# Skunk solver



## gunnyhighway (Aug 13, 2008)

I know this isn't exactly in catagory, but just wanted to post this because I don't know how rare it is or not

Using a 2100 classic by Crosman, and using crosman premier hollow point pellet, I took a skunk after discovering the skunk attacking my cat

My question is, what does anyone know what the biggest animal ever taken with a pellet rifle is?

Here is a pic of said skunk

http://i29.photobucket.com/albums/c284/Malita33082/skunk****er2.jpg


----------



## Estaban (Mar 17, 2006)

The biggest thing that I have ever shot with my pellet gun was a bunch o'crows :sniper:


----------



## Cleankill47 (Jan 19, 2006)

Technically, there is no 'biggest animal ever taken with an air rifle' people used to hunt deer with larger caliber ones, and a good shot with a high-powered one can anchor you anything from an armadillo to a small coyote. I'm not saying you should go out and hunt those animals, but if you learn the anatomy, and you need to take the shot, like the skunk attacking your cat, then by all means, try. But you should always make your shots count, it causes less suffering to the animal if you take one clean shot to the brain or spine rather than fifteen body shots, you know what I mean?

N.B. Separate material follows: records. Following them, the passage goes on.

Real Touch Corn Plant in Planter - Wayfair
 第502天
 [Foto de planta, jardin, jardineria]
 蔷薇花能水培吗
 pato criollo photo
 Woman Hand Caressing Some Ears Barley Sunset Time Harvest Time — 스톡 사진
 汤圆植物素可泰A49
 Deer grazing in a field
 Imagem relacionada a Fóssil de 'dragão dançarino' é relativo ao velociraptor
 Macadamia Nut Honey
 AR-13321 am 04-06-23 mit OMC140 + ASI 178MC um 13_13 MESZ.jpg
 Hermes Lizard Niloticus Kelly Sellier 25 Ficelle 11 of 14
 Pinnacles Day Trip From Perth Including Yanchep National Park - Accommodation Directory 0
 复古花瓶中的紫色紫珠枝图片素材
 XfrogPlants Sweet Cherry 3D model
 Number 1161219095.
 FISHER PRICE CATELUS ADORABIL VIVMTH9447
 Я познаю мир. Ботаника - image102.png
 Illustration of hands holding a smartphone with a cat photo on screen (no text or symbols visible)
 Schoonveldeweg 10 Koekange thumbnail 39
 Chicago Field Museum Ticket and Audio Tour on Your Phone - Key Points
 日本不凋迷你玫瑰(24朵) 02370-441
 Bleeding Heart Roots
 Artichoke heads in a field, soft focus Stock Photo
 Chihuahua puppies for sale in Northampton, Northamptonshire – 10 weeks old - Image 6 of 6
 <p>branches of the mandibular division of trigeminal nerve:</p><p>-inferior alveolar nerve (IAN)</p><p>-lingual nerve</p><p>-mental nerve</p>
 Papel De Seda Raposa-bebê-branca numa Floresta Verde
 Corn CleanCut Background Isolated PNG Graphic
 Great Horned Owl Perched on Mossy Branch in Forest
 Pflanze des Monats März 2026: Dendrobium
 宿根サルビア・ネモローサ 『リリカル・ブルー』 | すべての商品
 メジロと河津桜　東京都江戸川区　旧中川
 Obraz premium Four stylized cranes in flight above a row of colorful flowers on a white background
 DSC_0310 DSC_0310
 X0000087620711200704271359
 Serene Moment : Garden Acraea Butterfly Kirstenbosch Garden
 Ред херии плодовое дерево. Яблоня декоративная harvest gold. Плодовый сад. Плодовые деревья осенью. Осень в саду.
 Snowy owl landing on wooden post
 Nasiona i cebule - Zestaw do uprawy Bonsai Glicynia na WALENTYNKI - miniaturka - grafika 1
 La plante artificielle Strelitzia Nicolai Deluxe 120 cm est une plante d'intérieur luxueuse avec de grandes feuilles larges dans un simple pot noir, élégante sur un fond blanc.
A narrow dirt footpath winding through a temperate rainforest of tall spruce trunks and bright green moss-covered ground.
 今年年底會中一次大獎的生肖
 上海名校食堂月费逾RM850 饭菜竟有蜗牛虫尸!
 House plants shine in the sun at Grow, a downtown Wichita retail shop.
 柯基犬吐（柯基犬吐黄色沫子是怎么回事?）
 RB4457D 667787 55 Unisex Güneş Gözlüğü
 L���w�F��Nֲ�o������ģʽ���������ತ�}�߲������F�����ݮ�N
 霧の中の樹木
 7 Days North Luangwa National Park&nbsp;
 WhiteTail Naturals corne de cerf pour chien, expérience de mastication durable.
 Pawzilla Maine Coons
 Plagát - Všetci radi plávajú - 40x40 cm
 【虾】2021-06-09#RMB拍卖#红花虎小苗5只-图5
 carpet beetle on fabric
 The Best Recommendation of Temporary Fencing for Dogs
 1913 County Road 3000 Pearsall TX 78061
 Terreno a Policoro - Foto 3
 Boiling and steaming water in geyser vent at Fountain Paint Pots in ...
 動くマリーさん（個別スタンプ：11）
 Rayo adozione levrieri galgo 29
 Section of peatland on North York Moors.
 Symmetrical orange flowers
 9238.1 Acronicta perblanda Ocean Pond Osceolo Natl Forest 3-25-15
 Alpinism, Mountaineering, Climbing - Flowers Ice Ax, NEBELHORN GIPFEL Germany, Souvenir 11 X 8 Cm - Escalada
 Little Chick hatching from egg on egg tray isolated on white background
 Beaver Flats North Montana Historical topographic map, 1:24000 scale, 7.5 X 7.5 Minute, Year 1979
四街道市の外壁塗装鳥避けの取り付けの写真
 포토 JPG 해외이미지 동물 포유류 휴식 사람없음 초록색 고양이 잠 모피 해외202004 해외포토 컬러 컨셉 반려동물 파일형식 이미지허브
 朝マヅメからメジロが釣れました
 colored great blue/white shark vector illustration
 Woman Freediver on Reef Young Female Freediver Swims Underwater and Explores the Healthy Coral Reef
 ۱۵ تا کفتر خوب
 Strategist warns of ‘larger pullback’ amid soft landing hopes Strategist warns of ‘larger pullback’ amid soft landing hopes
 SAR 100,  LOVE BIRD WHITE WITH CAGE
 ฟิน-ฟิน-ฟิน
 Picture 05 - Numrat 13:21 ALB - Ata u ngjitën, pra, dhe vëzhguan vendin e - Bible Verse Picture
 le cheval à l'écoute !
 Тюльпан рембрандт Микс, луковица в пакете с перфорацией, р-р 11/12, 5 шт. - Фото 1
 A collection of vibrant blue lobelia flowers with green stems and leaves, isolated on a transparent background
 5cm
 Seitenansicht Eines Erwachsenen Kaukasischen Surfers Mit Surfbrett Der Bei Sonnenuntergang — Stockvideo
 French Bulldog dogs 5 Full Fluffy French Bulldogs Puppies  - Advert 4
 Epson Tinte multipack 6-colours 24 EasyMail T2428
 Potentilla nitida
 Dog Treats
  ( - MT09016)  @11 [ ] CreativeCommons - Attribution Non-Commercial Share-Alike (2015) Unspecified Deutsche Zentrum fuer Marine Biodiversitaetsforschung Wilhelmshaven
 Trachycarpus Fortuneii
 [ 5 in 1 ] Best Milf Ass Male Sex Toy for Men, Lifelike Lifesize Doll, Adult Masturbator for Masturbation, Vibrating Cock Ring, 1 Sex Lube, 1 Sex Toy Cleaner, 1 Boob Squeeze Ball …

Anyway, the biggest thing I ever shot was an 8-pound possum, and let me tell you, he sure wasn't playing dead.....

:sniper:


----------



## Bore.224 (Mar 23, 2005)

largest animal I ever took with a pellet gun was a crow. Used a daisy powerline air rifle took about 6 or seven shots at 10 pumps to kill it. I would not recomend shooting a skunk or possum with an air gun unless it is one of those high speed ones and then only at close range. BTW how bad was the skunk smell after you shot it? Last skunk I shot was with a 22lr and I shot him DRT and that area of the woods was off limits for a couple of days!!


----------



## rolly (Jul 30, 2007)

If you have an ADULT highpower air rifle, you can take smaller varmints like that all day long. I've got a couple ditch cougars to my credit and if we had squirrels around the farm, I wouldn't hesistate. I will try to get a couple rabbits this weekend for pics and terminal results.

A true highpower air rifle is not a Crossman 760 or Powerline. Mine is almost as powerful as a .22short and is nearly silent. Works great with Crow-Mag pellets or the little polymer tipped sonsaguns.


----------